Technical, Office, and Professional (TOP) Workers
In the 1990s, the UAW began to focus on new areas of organizing both geographically (in places like Puerto Rico) and in terms of occupations, with new initiatives among university staff, freelance writers (through the subsidiary National Writers Union) and employees of non-profit organizations, including workers at Mother Jones Magazine and the Sierra Club who are represented by UAW Local 2103.
The UAW took on the organization of academic student employees (ASEs) working at American universities as teaching assistants, research assistants, tutors, and graders under the slogan "Uniting Academic Workers". As of 2011, the UAW represents more student workers than any other union in the United States of America. Universities with UAW ASE representation include the University of California (UAW Local 2865), California State University (UAW Local 4123), University of Massachusetts Amherst (UAW Local 2322), University of Washington (UAW Local 4121), and New York University (UAW Local 2110).
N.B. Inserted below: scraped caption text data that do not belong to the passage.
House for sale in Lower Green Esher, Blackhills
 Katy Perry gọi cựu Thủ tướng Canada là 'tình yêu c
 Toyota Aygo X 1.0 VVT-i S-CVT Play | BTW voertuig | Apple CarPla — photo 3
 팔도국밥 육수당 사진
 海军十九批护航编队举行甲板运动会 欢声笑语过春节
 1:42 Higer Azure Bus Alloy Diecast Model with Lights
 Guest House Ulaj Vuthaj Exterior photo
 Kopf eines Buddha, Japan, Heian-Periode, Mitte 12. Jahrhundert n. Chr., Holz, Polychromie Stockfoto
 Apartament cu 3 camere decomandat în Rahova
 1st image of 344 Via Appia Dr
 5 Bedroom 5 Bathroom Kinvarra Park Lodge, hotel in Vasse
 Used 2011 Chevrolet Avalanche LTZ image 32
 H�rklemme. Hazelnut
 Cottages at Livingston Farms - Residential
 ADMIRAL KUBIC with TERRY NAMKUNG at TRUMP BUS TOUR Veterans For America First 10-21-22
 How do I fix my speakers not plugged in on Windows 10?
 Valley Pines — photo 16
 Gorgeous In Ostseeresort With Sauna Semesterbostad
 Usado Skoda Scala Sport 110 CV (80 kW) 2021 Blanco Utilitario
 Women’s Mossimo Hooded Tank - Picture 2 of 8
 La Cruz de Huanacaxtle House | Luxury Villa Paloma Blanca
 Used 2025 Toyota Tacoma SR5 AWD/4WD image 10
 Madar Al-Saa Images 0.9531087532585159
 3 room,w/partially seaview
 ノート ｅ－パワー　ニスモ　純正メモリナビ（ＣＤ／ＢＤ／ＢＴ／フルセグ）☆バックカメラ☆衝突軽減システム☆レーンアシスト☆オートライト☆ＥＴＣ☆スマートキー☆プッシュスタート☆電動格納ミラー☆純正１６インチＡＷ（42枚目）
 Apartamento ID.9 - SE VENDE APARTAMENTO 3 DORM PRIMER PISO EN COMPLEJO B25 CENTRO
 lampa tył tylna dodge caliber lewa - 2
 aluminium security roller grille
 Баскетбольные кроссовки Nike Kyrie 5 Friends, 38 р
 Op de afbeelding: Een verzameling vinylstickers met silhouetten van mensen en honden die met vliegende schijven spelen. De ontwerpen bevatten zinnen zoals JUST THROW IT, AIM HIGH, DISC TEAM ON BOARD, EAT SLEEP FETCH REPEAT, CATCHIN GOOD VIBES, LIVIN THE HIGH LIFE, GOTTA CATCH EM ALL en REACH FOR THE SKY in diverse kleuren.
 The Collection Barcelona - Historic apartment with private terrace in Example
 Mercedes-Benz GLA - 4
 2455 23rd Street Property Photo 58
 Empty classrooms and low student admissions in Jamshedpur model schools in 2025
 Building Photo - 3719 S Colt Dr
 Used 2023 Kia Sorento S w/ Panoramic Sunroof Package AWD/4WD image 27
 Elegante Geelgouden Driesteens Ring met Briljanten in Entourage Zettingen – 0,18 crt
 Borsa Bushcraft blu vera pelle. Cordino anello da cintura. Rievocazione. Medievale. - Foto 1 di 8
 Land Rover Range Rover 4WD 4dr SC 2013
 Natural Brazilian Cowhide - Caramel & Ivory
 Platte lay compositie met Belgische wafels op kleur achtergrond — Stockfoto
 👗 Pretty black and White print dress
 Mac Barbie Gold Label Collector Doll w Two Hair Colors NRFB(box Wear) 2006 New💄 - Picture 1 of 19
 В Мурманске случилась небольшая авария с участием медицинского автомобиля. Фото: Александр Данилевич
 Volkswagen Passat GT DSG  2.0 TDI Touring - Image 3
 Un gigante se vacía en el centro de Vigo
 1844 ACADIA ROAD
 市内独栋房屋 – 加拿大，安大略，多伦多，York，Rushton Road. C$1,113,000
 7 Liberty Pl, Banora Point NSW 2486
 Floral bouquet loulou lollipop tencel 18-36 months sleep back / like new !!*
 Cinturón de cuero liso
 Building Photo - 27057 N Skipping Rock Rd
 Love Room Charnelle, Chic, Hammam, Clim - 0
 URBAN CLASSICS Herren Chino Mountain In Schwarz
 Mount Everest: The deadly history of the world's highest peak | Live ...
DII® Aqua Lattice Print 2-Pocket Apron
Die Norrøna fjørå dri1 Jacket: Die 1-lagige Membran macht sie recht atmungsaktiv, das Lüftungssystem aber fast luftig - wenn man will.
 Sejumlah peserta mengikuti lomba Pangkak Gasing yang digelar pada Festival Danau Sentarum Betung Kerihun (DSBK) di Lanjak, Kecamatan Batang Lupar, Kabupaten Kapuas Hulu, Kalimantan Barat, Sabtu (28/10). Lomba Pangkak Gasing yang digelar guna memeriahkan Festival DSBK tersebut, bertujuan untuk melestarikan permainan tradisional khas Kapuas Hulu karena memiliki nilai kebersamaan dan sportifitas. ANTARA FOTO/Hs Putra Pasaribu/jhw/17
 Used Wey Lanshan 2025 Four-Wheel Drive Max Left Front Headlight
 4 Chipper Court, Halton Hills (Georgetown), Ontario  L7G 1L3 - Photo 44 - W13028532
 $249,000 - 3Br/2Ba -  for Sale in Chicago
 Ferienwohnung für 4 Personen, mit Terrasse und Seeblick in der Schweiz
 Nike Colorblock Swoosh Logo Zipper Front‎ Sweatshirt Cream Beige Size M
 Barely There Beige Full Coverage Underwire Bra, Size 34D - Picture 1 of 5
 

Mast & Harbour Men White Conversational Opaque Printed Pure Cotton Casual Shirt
In 2008 the 6,500 postdoctoral scholars ("postdocs") at the ten campuses of the University of California, who combined account for 10% of the postdocs in the nation, voted to affiliate with the UAW, creating the largest union for postdoctoral scholars in the country: UAW Local 5810.
The expansion of UAW to academic circles, postdoctoral researchers in particular, was significant in that the move helped secure advances in pay that made unionized academic researchers among the best compensated in the country in addition to gaining unprecedented rights and protections.